BEGIN SUPPLIED DATA

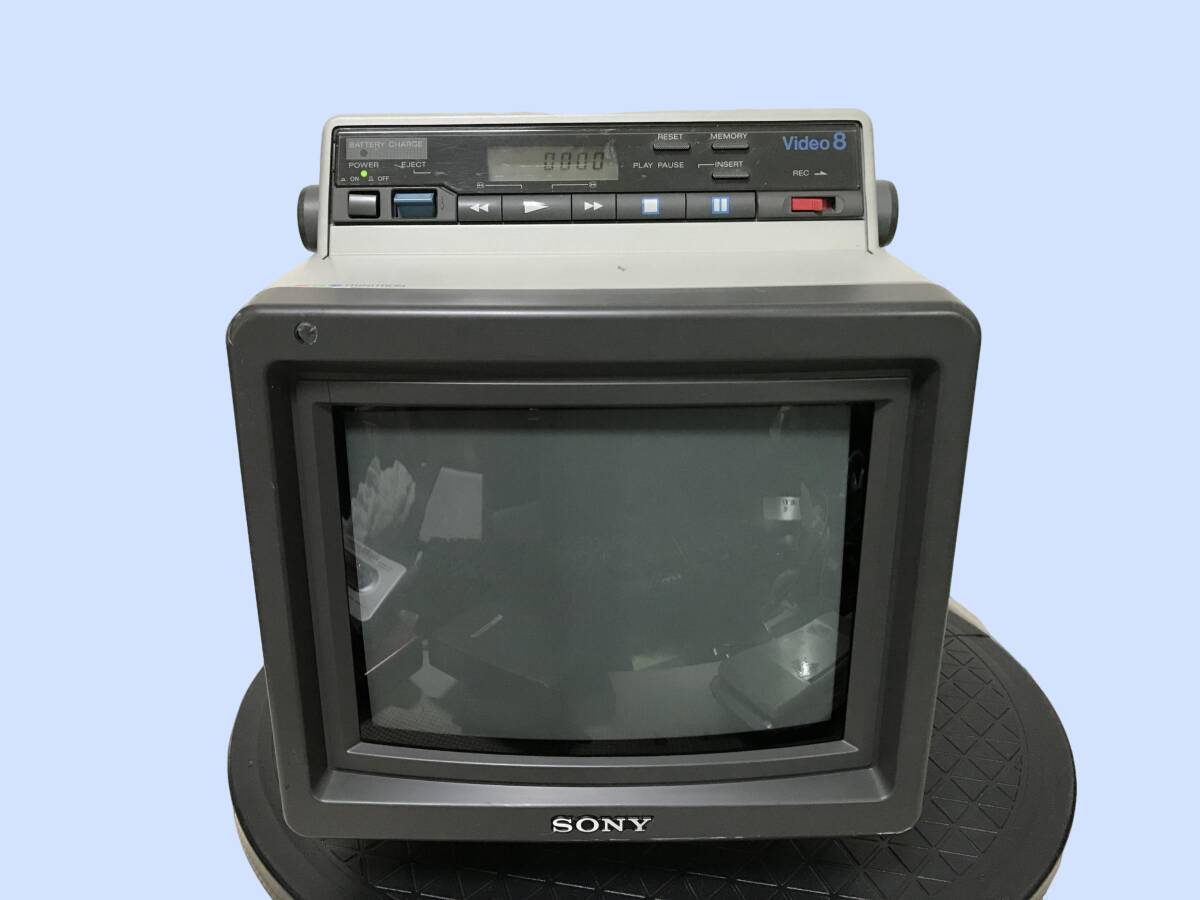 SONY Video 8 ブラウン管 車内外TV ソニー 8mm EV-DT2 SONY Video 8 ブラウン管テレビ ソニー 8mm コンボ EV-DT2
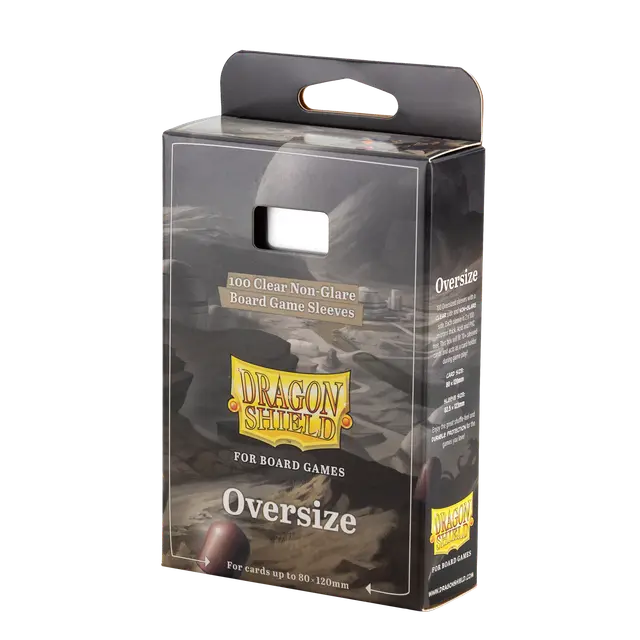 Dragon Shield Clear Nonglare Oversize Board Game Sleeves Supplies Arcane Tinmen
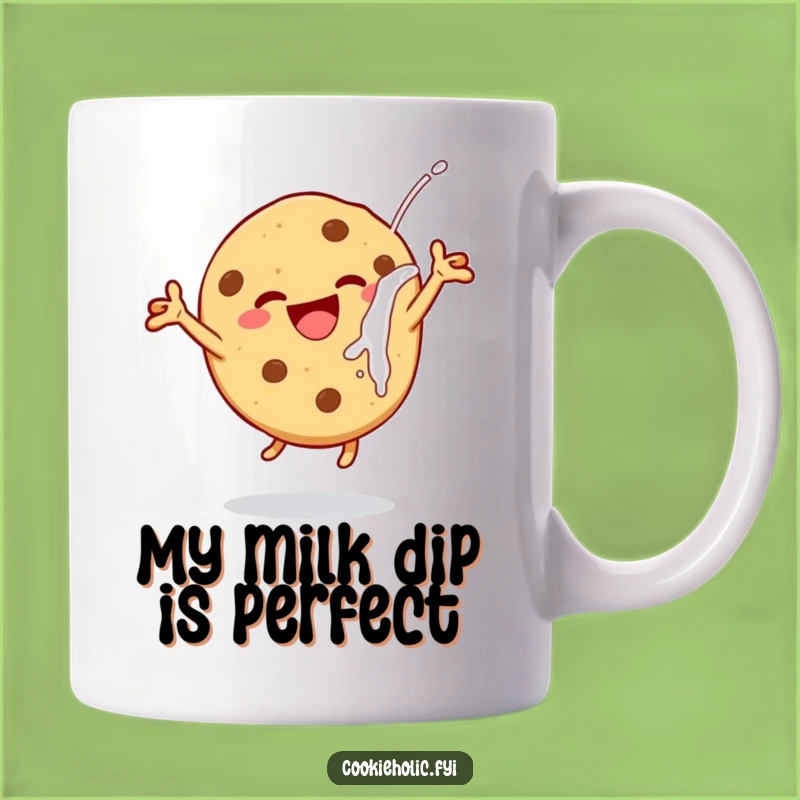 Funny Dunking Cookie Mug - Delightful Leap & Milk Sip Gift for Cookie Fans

END SUPPLIED DATA

*INSTRUCTIONS FOR THE TASK*
Please copy out the whole listing exactly, minus its pictures.

*REPLY TO THE TASK*
 SONY Video 8 ブラウン管 車内外TV ソニー 8mm EV-DT2 SONY Video 8 ブラウン管テレビ ソニー 8mm コンボ EV-DT2
 Dragon Shield Clear Nonglare Oversize Board Game Sleeves Supplies Arcane Tinmen
 Funny Dunking Cookie Mug - Delightful Leap & Milk Sip Gift for Cookie Fans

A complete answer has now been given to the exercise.